23. For all the foregoing reasons I reject the claim arising out of an alleged fluctuation of currency or labour rates.”

 

  1. I am in agreement with the learned Trial Judge for disallowing the Appellant’s claim under fluctuation of currency in view of the provisions of Section 71(d) of the Seychelles Code of Civil Procedure, for the Appellant was under an obligation to particularise this claim in its plaint so as to put notice to the other party that he was invoking the fluctuation clause of the agreement and specifying from what period or time the fluctuation clause kicked into play. I have perused the plaint in CS 83 of 2011 carefully and do not find any averment or relief claimed under fluctuation of currency. The fact that fluctuation was referred to in Exhibit P4, the payment certificates Exhibit P7 and P9 and the Quantity Surveyors Report Exhibit P37 and was thus part of the evidence as argued by the Appellants Counsel in the Skeleton Heads of Argument does not suffice. This should necessarily have been part of the pleadings. It was held in the case of Zahid Afwaz Ali VS Patterson Brothers Shipping Co. Ltdand three others, Civil Appeal No ABU 0045 of 2012, by the Fiji Court of Appeal by its judgment of 2nd October 2015, dismissing a claim by the Appellant Zahid Afwaz against one of the Respondents that “the purpose of a statement of claim is to inform the other party of the case against him. This imposes an obligation to inform the defendant in the simplest terms of the case the defendant has to meet and for the court to be able to see what the issues are”. I therefore dismiss grounds 1 and 6 of the Appellant’s appeal.

 

  1. As regards Respondents ground 3 of appeal I am in agreement with the learned Trial Judge’s finding that “Philip and Solana have claimed SR 42,843.00 for loss of materials paid for and delivered to the defendant. I have examined the testimony of Solana, the only testimony capable of having supported his claim. There is no proof of the value of the materials allegedly lost by the defendant.
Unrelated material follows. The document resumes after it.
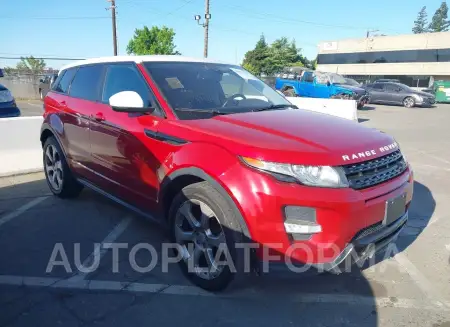 Land Rover Range Rover Evoque 2015 2015 vin SALVT2BG3FH045360 from auto auction Iaai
This claim fails.” (emphasis added) The Appellant in his Reply to the Cross appeal has correctly stated: “It is for want of satisfactory proof, the claim of SR 42,843.00 has rightly been disallowed.” I therefore dismiss Respondents ground 3 of appeal.

 

  1.  In view of our finding that the Respondents had failed to establish their claim against the Appellant in its entirety, Respondents ground 4 of appeal for moral damages necessarily fails and we dismiss this ground of appeal.

 

  1. In conclusion I dismiss grounds 1 and 2 of the Respondents Cross-Appeal and maintain the award of SR 495,837.35 made to the Appellant by the learned Trial Judge as against the Respondents in CS 83 of 2011. I also allow grounds 3, 4, 5, and 7 of the Appellants appeal and reverse and quash the order and decision of the learned Trial Judge awarding the sum of SR 486,467.00 to the Respondents as against the Appellants in CS 84 of 2011. I dismiss grounds 1, 2 and 6 of the Appellant’s appeal. I dismiss the Respondents Cross-Appeal in its entirety, namely grounds 1, 2, 3 and 4. I do not make any order as to costs.